Der von Elisabeth Günther aufgespannte Bogen mündet in der Formulierung von sieben Thesen, welche „die Integration der algorithmischen Themenanalyse in die Kommunikationswissenschaft diskutieren“ (S. 323). In diesen plädiert die Autorin für eine umfassende, selbstbewusste, gestaltende und gleichzeitige kritische Integration des Topic Modellings in die Kommunikationswissenschaft als Ergänzung zu den bereits bestehenden Methodenapparat.

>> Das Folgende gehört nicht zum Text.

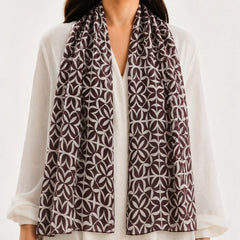 Maroon Georgette silk Scarf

In der Gesamtbetrachtung bietet das Buch eine umfangreiche und gelungene Auseinandersetzung mit der algorithmischen Themenanalyse, welche mit relevanten Denkanstößen für die Kommunikationswissenschaft unterfüttert wird. Entsprechend handelt es sich um kein Lehrbuch im klassischen Sinne, es fehlen konkrete Handlungsanweisungen oder Praxisbeispiele, stattdessen zielt das Buch auf ein breiteres Verständnis und die Reflexion der methodischen Entwicklung ab. Das Buch enthält sowohl für weiter fortgeschrittene Studierende als auch methodisch interessierte Kommunikationswissenschaftler*innen interessante Gedanken, Denkanstöße und eine Zusammenfassung relevanter Konstrukte im Kontext der algorithmischen Themenanalyse.